» **What you are asked to do**: Whenever a picture appears in the data, skip it and write out all other material exactly.

» **Data excerpt**:
* * *

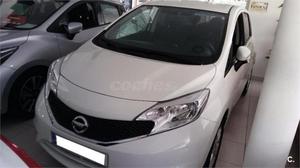 Nissan Note 5p. 1.5dci 90cv Acenta 5p. -16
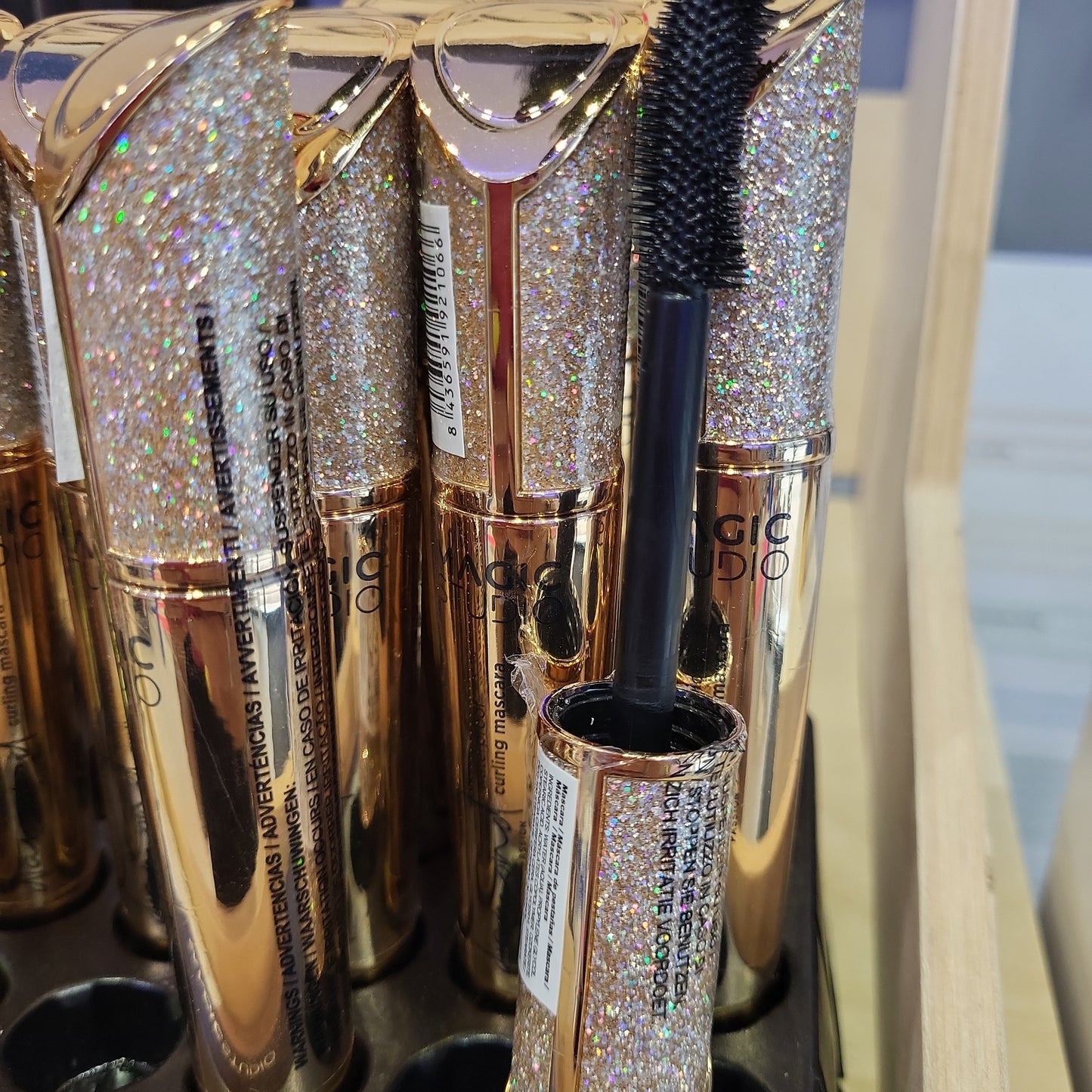 Mascara Magic Studio Waterproof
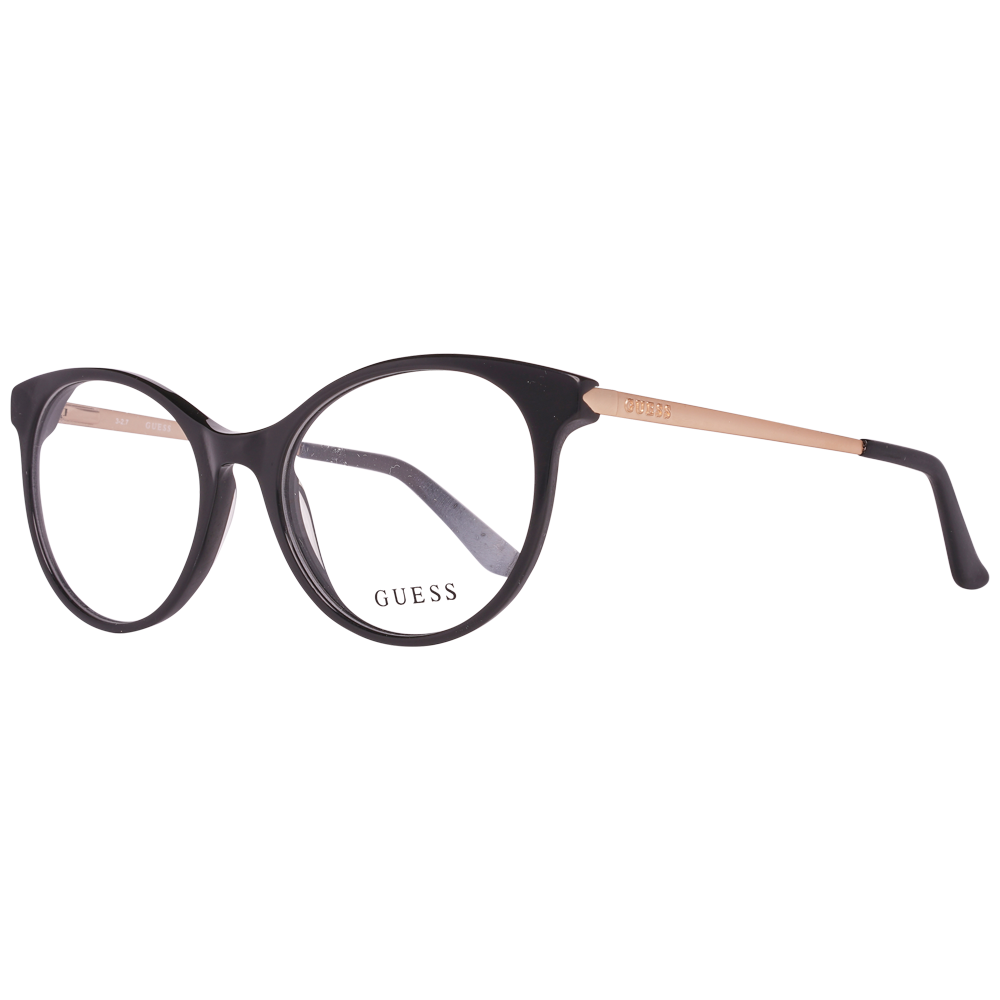 Guess Optical Frame GU2680 001 52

* * *

» **Output**:
 Nissan Note 5p. 1.5dci 90cv Acenta 5p. -16
 Mascara Magic Studio Waterproof
 Guess Optical Frame GU2680 001 52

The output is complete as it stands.